El recuerdo se diluye. La mente no es fiel. No es fija. Algunas imágenes aluden al saqueo que intentaron en la isla de Santa Cruz de Tenerife, «aquel maldito día de julio», cuando perdió el brazo. Un año después, en 1798, su buque dio una lección a la flota de Napoleón en la Bahía de Abukir.

Ya pudo el tullido colocar su mano izquierda en la nariz. Este es un olor de semen, recién expulso. Sonríe. Algo en su genitales es delicioso. Siente que se viene, con una abundancia juvenil, de macho primerizo. Olor a lujuria, a grajo de criaturas quemadas de sol y deseo. Por horas y horas, los esclavos han estado fornicando a las niñas de Bretaña y sus tropas, con espadas desenvainadas, los sorprendieron en el acto.

«Este es el momento de guerra, ¡a matar, a matar! Y después, disfruten de esas hembras, aunque sean inglesas, o nicas… hasta que haya nuevas instrucciones de Londres», instruyeron.

En medio de esta mortandad, las mujeres gimen. Las adolescentes y las niñas asustadas se guardan unas a las otras; no quieren ser estranguladas por sus protectores negros. No es bueno confiarse en ninguno. No quieren que se acerque ningún varón a ellas con el pene extendido y los calzones bajos. La traición duele más que la vergüeza. Sin embargo, ellos (blancos, negros, nicas) desgarraron sus ropas, las despojaron de sus faldochones; sacaron del escote, sus palomas. Se han mamado sus pezones y, en sus culos rosados, han metido sendos pulgadones de maciza. Se han derramado encima de sus labios, sus ombligos y sus nalgas; se han turnado en ultrajar a las más hermosas, unos y otros. Ellas maldicen a los varones del Castillo.

La hecatombe de hímenes comenzó con las doncellas en sus veinte; pero, no respetaron ninguna. Los negros, presuntos custodios, se las ofrecieron a la gendarmería a cambio de su manumición y libertad. Antes de la llegada de las tropes inglesas, los soldados españoles hicieron lo mismo. Se ríeron porque liberaban lo que no fue suyo, acorde a la ley.

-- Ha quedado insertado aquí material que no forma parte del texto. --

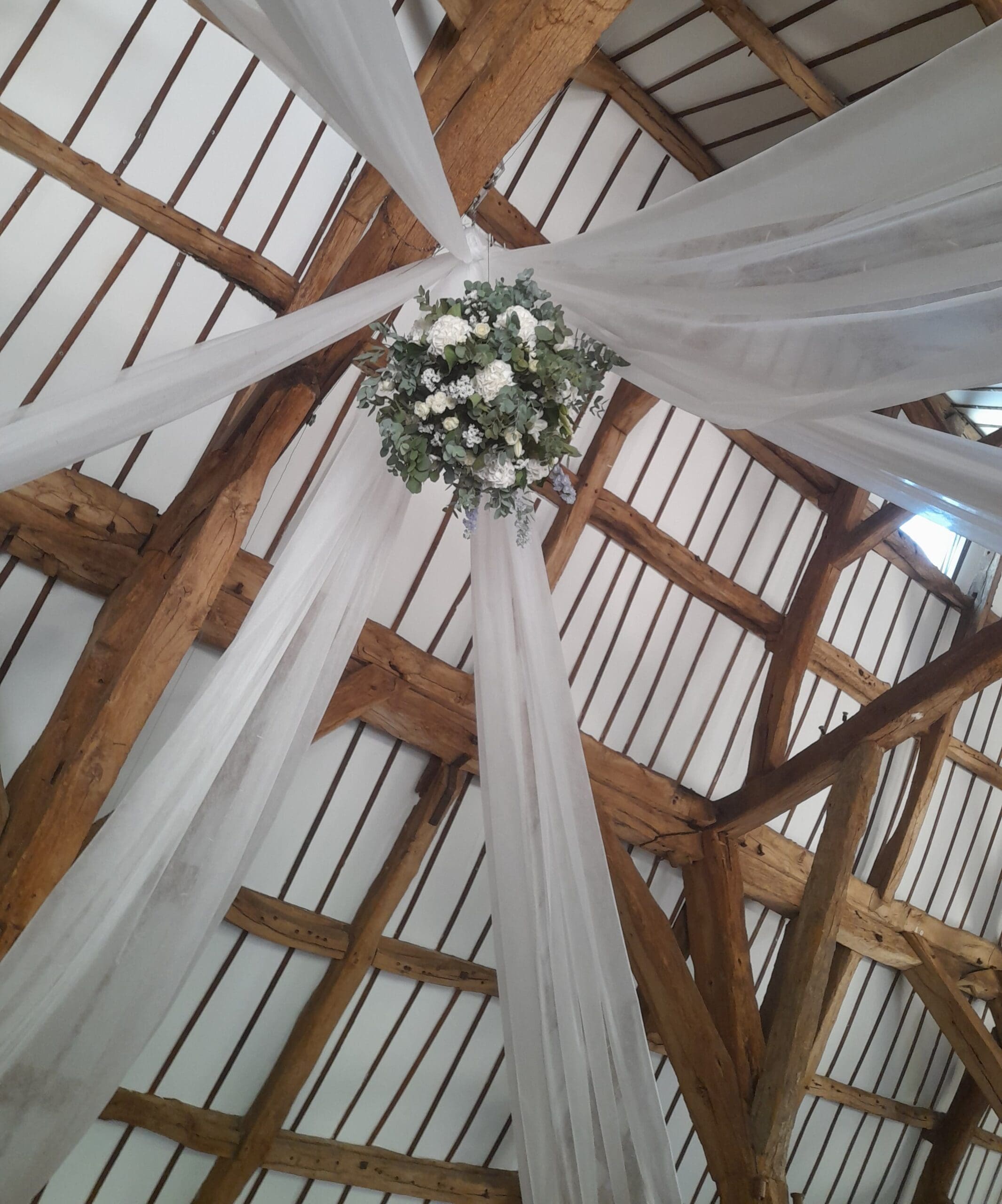 Grande boule de fleurs suspendue /plafond – Image 4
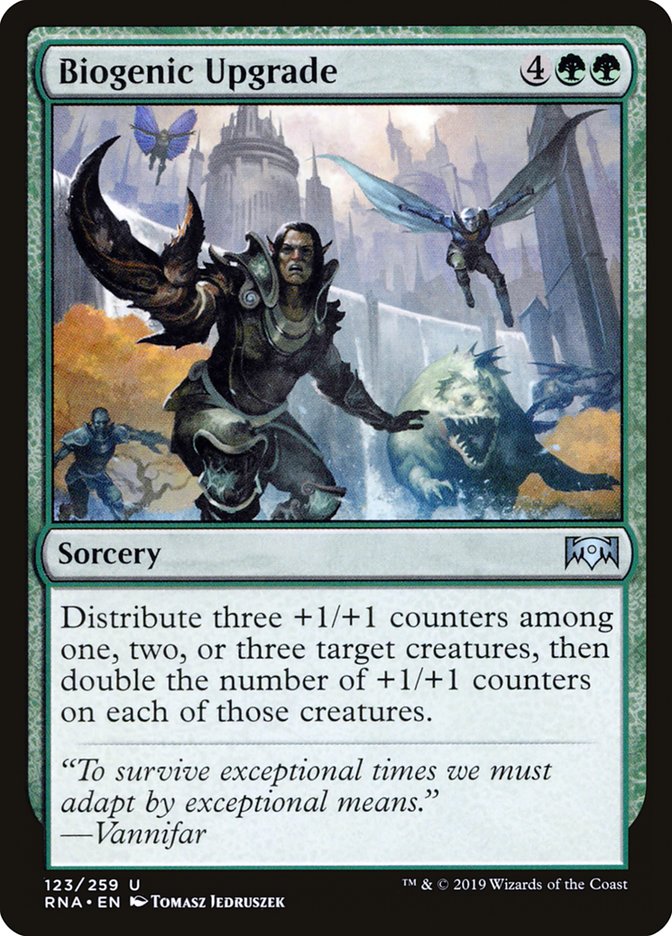 Biogenic Upgrade [Ravnica Allegiance] Magic: The Gathering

Se burlaron. Los negros admitieron el canje, pero se disparaba un balazo por la espalda cuando el negro, tras recoger su calzón, se apresuraba a salir del castillo, rumbo al monte. Ni tiempo dieron para que dijeran: «¡Soy libre; sin amos, sin que nadie que me obligue al trabajo!»

Están rezando. Más claro es el llanto de ellas que lo que rumoran con palabras y con invocaciones. Oliendo sus dedos es que Horatio Nelson, el neneque, lo sabe. Con el viento de la mar, sales y arenas, noches de travesía, ha perfeccionado este arte de olerse los dedos, guardar memorias en ellos, repasarse las yemas y leer en el tejido de sus dígitos los archivos del Akasha.

Horatio Nelson todavía no había conocido el sexo. Sí, ya había disparado, personándose en batallas. Nunca se imaginó que acertó los objetivos. Había pasado por innumerables burlas, por la sospecha conclusiva de sus compañeros que dijeron que él no mata ni una mosca. Horatio edificó en sí la confianza de su salud, pero no basta... Casi veinte años tuvo cuando arribó al Castillo. Vio muchos rostros dulces y afligidos, niñas en pleno desarrollo con sus senos al aire, manoseados. Hoy para su fortuna, están semidesnudas, descotadas, frágiles y asustadas.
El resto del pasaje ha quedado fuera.